Nicaragua : la réélection d’Ortega contestée sur le continent américain

Nicaragua : la réélection d’Ortega contestée sur le continent américain

La réélection au Nicaragua de l’ancien guérillero sandiniste et actuel autocrate Daniel Ortega ne passe pas, à commencer sur le continent américain. Les résultats du scrutin sont contestés par une opposition très durement réprimée comme par les voisins latino-américains du petit pays d’Amérique centrale. L’Organisation des États américains (OEA) s’est emparée du problème qui déborde du continent.

Les « fils de pute des impérialistes yankees », selon les termes d’Ortega au lendemain de l’élection présidentielle du 7 novembre, ont désormais l’attention de la communauté internationale. Qui sont-ils ? Les 160 opposants emprisonnés par le régime, pour beaucoup d’entre eux enfermés depuis les manifestations sanglantes de 2018 ayant entraîné la mort de plus de 300 personnes. Ortega, le révolutionnaire qui en 1979 renversait par les armes le tristement fameux dictateur Somoza, a désormais l’ambition non assumée de devenir son double. Et toutes les outrances sont bonnes pour tenter de camoufler maladroitement ce qui ne peut passer inaperçu : une immense fraude électorale.

Selon les chiffres officiels, Daniel Ortega aurait été réélu pour un quatrième mandat avec 76 % des voix. La main dans la main avec sa femme, Rosario Murillo, vice-présidente depuis 2017. Alors que le tribunal électoral a annoncé un taux de participation de 65 %, un observatoire indépendant a estimé l’abstention à 81.5 % en se basant sur des données fournies par près de 1500 observateurs non autorisés. Pour tenter de faire bonne figure, cinq autres personnes se sont présentés au scrutin présidentiel, considérés comme des leurres par l’opposition dont les sept véritables candidats ont été arrêtés au cours de l’été. Ils croupissent toujours en prison en compagnie de journalistes et de militants de divers horizons.

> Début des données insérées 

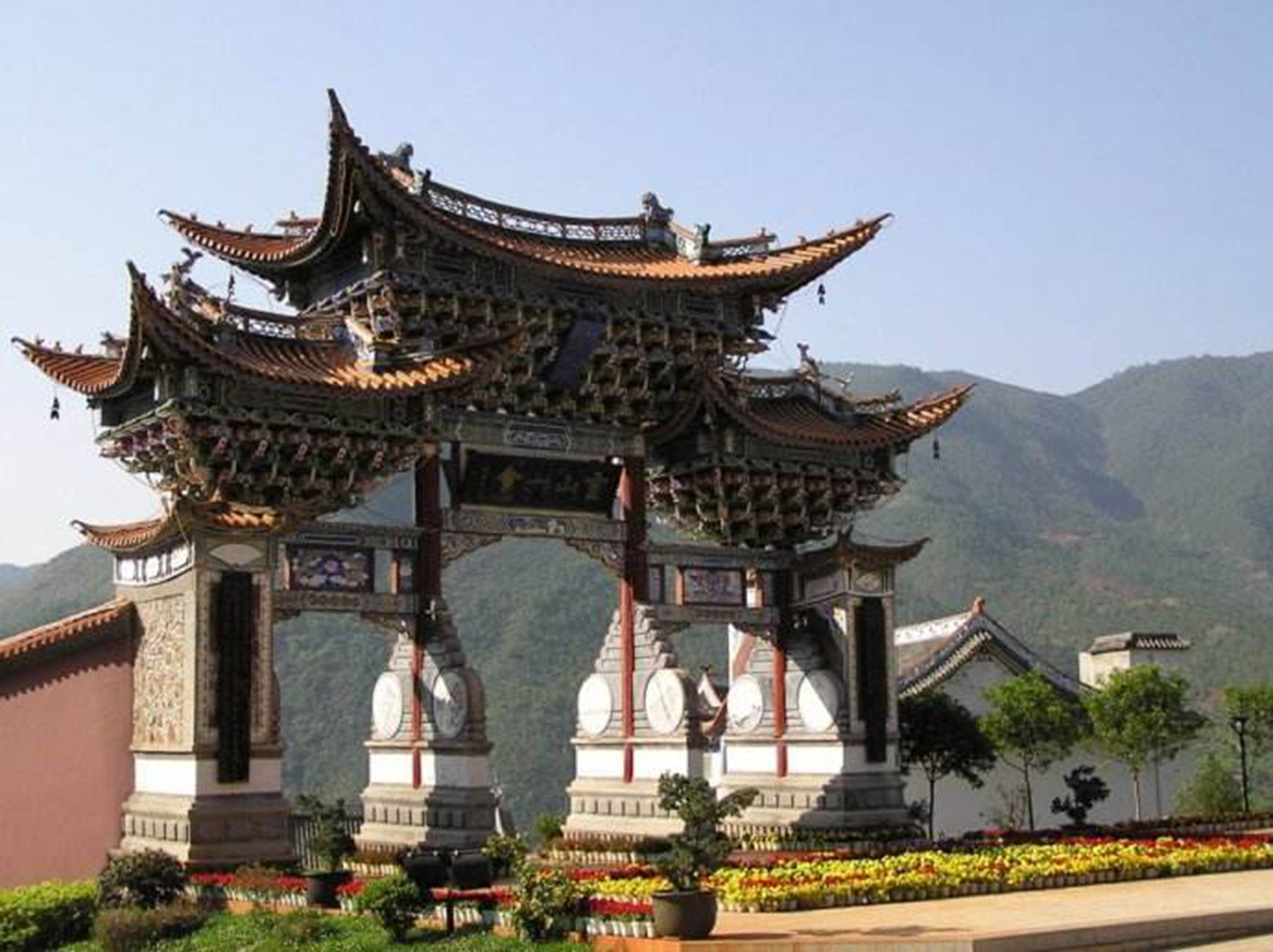 祝圣寺位于云南大理白族自治州宾川县,祝圣寺在钵盂山下,原名钵盂庵.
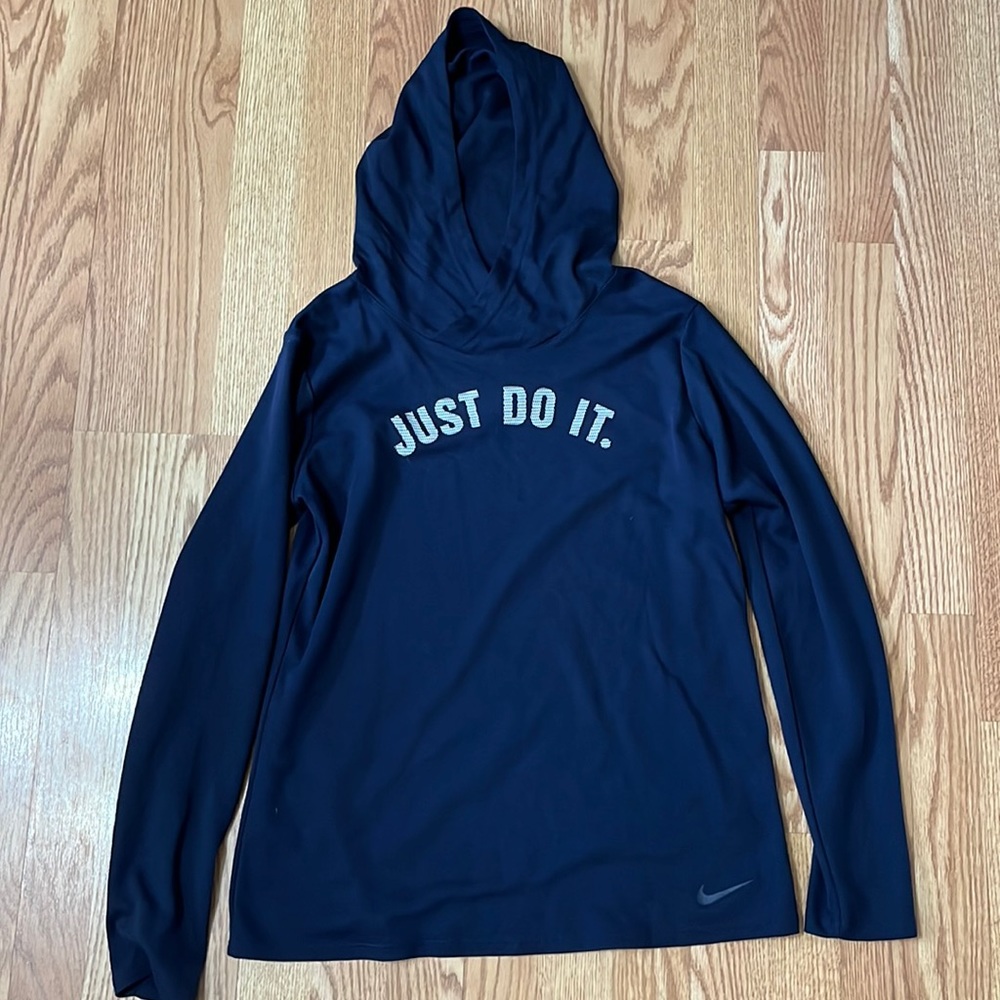 Nike dri-fit long sleeve hoodie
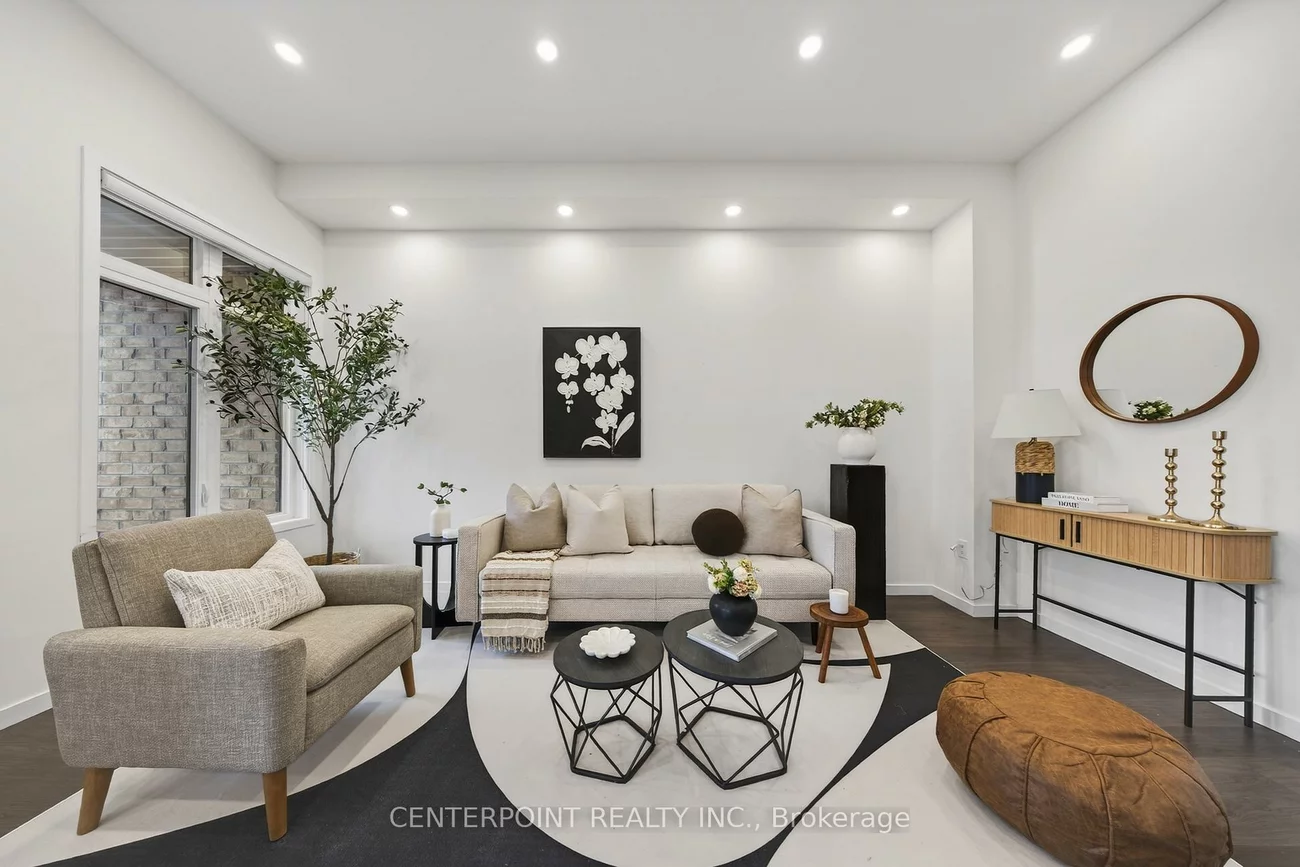 1240, Wellington, Bayview Northeast, Aurora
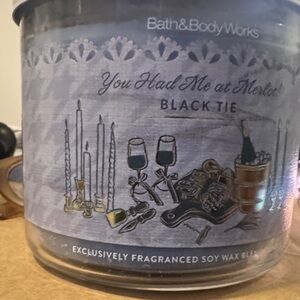 Bath & Body Works You Had Me at Merlot Candle black tie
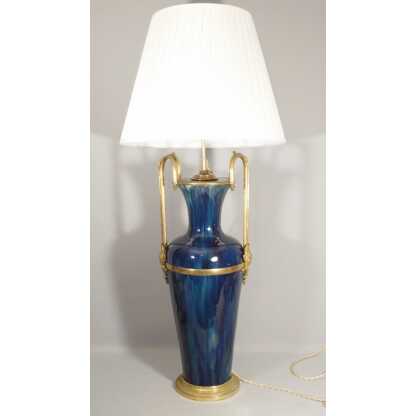 Grande lampe en céramique bleu dégradé et monture en bronze et laiton, époque début XX ème – Image 2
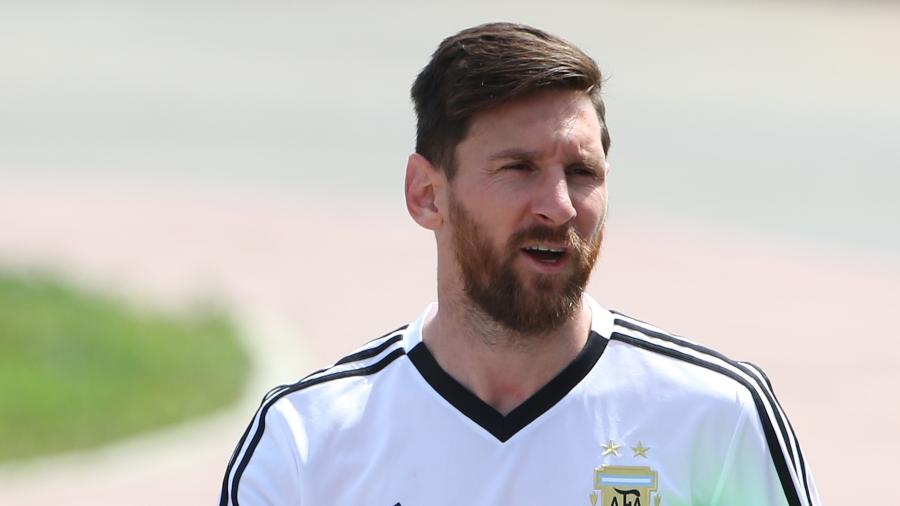 Messi completou 31 anos neste domingo e espera ganhar de presente a classifica&ccedil;&atilde;o (Reprodu&ccedil;&atilde;o/Gabriel Rossi/Getty Images)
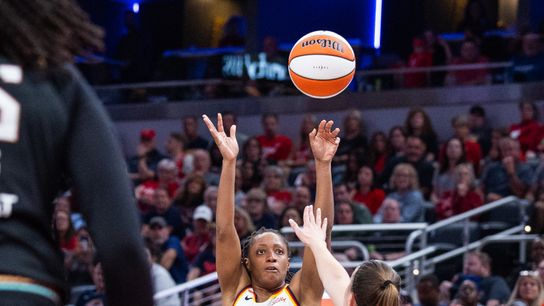 Aug 11, 2026; Indianapolis, Indiana, USA; Indiana Fever guard Kelsey Mitchell (0) shoots the ball while New York Liberty guard Sabrina Ionescu (20) defends in the second half at Gainbridge Fieldhouse. Aug 11, 2026; Indianapolis, Indiana, USA; Indiana Fever guard Kelsey Mitchell (0) shoots the ball while New York Liberty guard Sabrina Ionescu (20) defends in the second half at Gainbridge Fieldhouse.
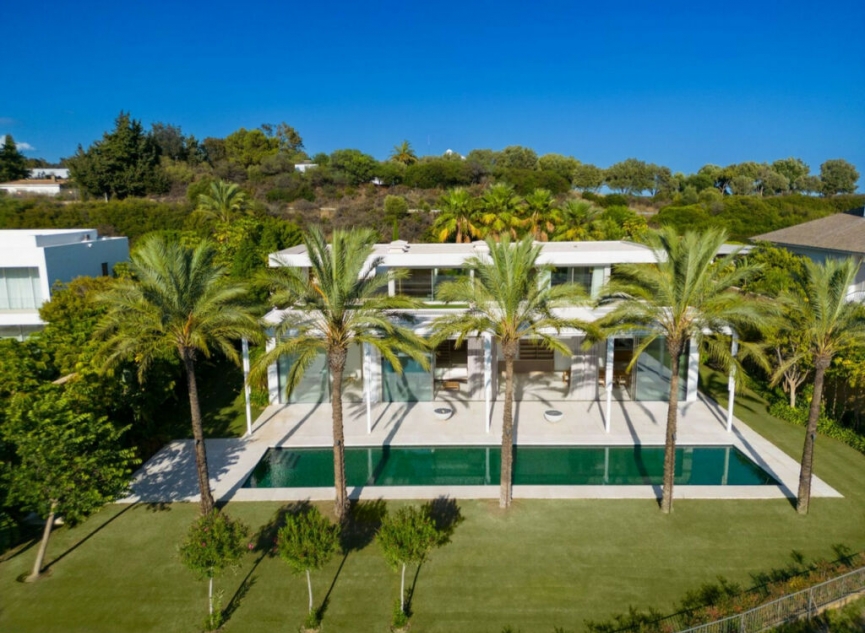 Resale - House -
Málaga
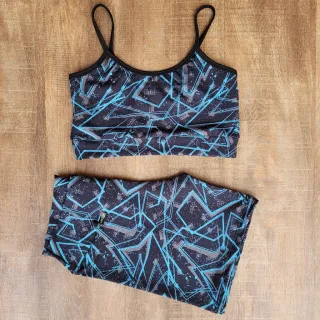 Conjunto de Academia Feminino: Top e Short Fitness - Estampa 05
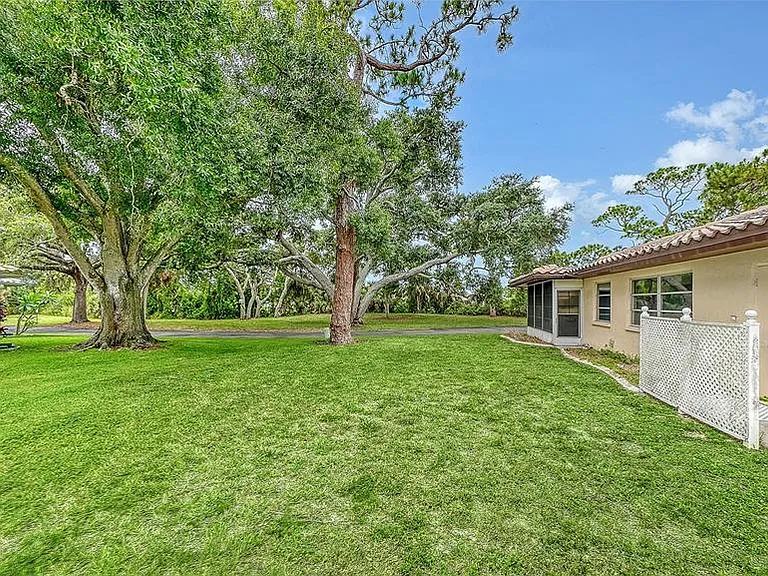 515 Rousseau Dr — Photo 35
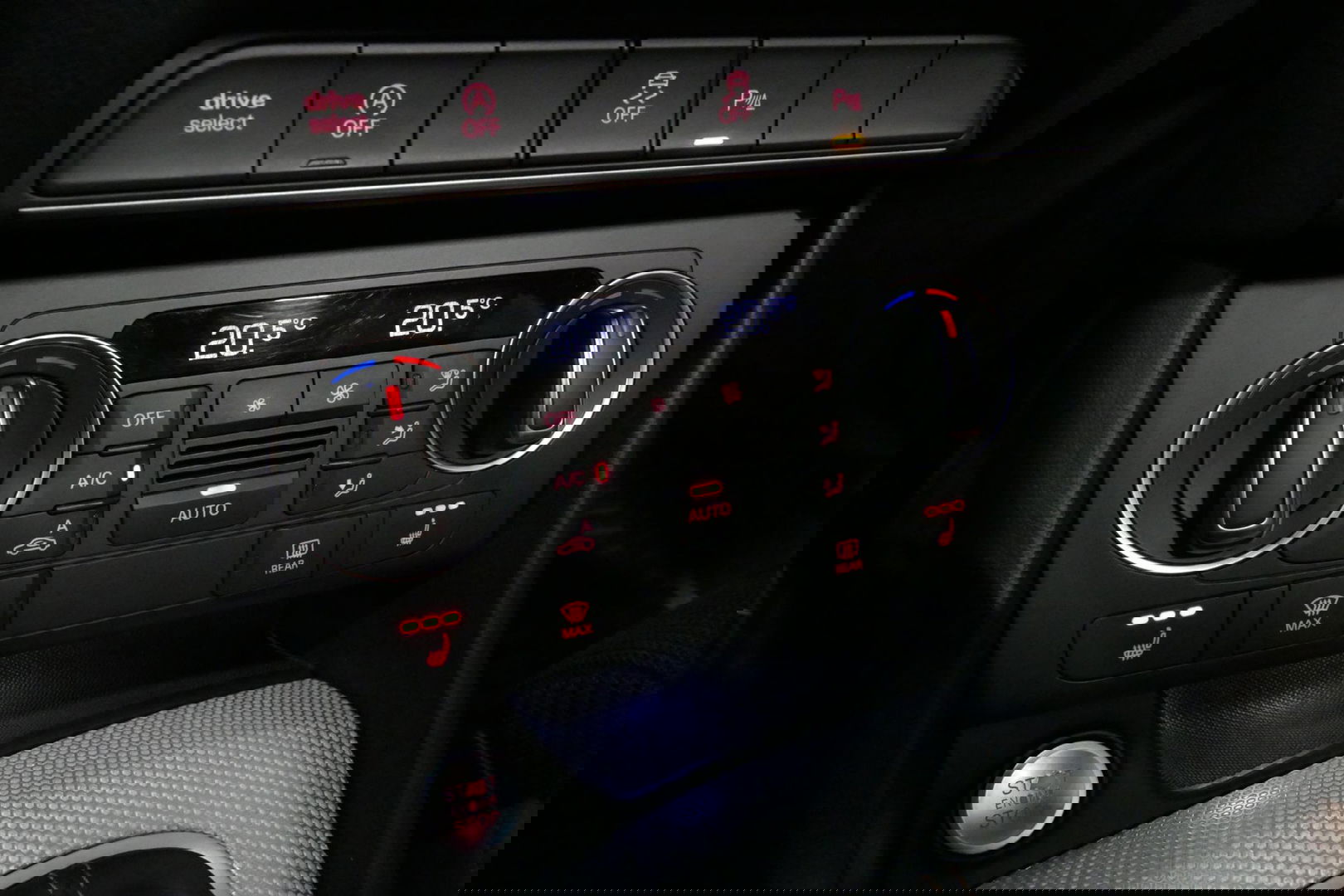 Audi Q3 2.0 TFSI quattro S Line / Panoramadak / Elektr. verstelbare voorstoelen / Achteruitrijcamera / Stoelverwarming / Elektr. wegklapbare trekhaak / Full LED / Audi Sound System / Navigatie / Cruise Control / 19'' LMV / Lichtpakket / Dodehoek detectie / Audi E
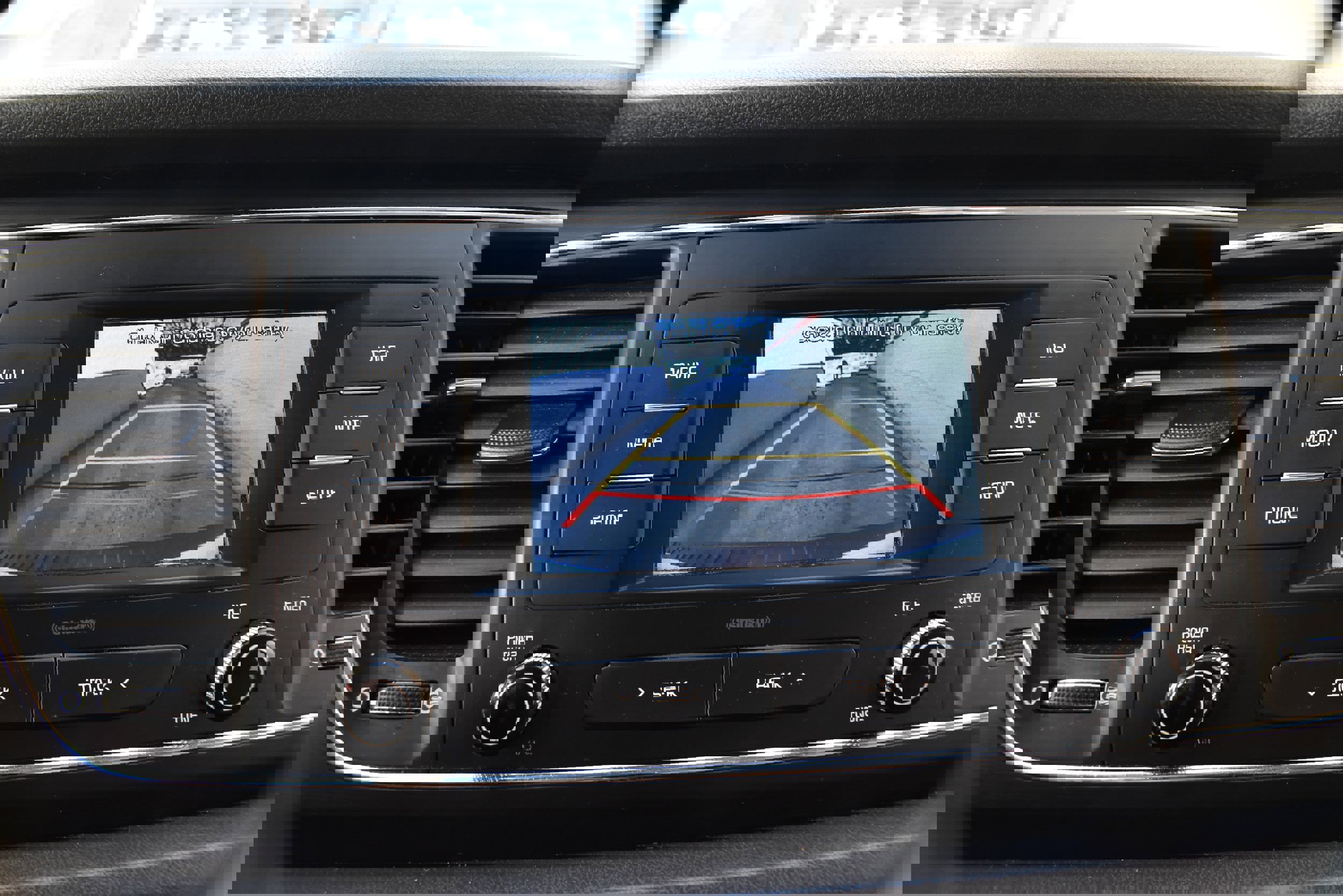 Used 2018 Kia Sedona L image 39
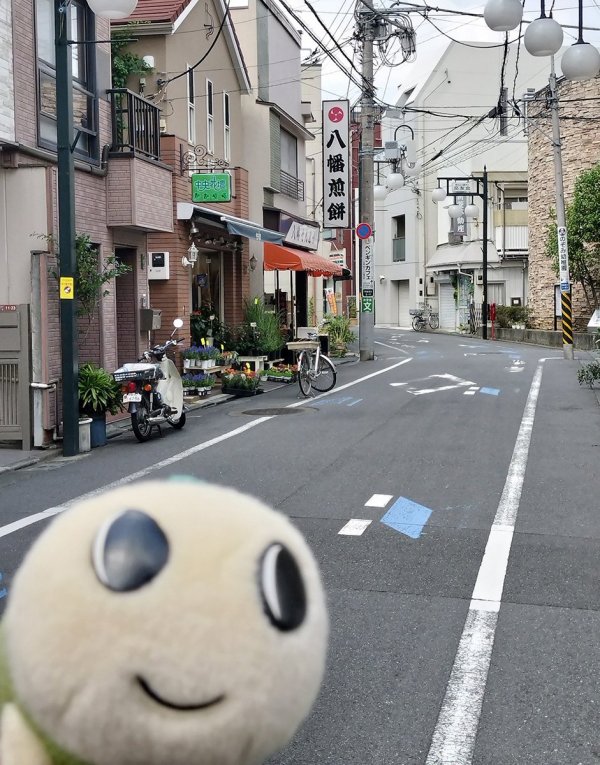 「なつみちゃんが『近所だし』って言ってるから、「平屋」はきっとこの近くだよ！」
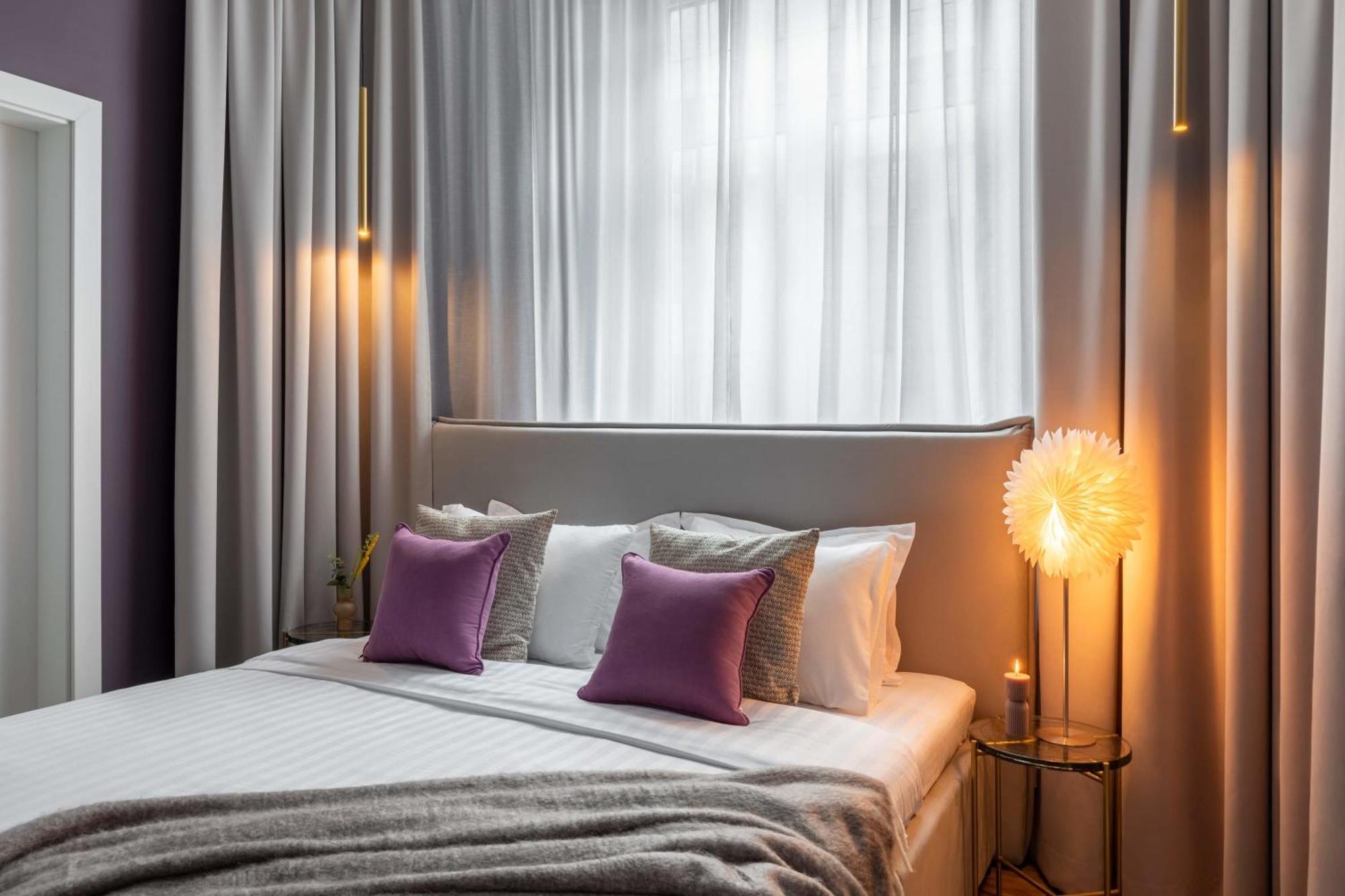 Elegant & Bright 2br - Steps From Old Town Apartment Bucharest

L’Organisation des États Américains dénonce les élections comme les institutions

Aujourd’hui seule une toute petite poignée de pays s’est exprimée succinctement pour défendre le résultat des élections et un couple avide de pouvoir. D’abord les régimes autoritaires latino-américains, toujours solidaires entre eux, que sont le Venezuela et Cuba. La Russie ensuite, aux yeux de laquelle le scrutin s’est déroulé « dans le respect de la loi ». Un regard russe habitué à s’amouracher de dictateurs à partir du moment où ils s’opposent aux États-Unis dans une logique de guerre froide. Des soutiens auxquels il faut ajouter la Bolivie démocratique, idéologiquement alignée en regard du passé davantage que du futur.

Une réunion de l’Assemblée générale de l’Organisation des États Américains (OEA) a quant à elle voté une résolution dénonçant l’absence de légitimité démocratique d’Ortega. Le texte dit que les élections « n’ont pas été libres, justes ni transparentes » et que les institutions démocratiques au Nicaragua « ont été sérieusement sapées » par le régime. Alors que 26 pays ont voté pour la résolution, 7 se sont abstenus, au premier rang desquels l’Argentine et le Mexique, pour des raisons dites de « non-ingérence ». Pays auxquels il faut ajouter la Bolivie, le Honduras, la Barbade, Saint-Vincent et la Grenade.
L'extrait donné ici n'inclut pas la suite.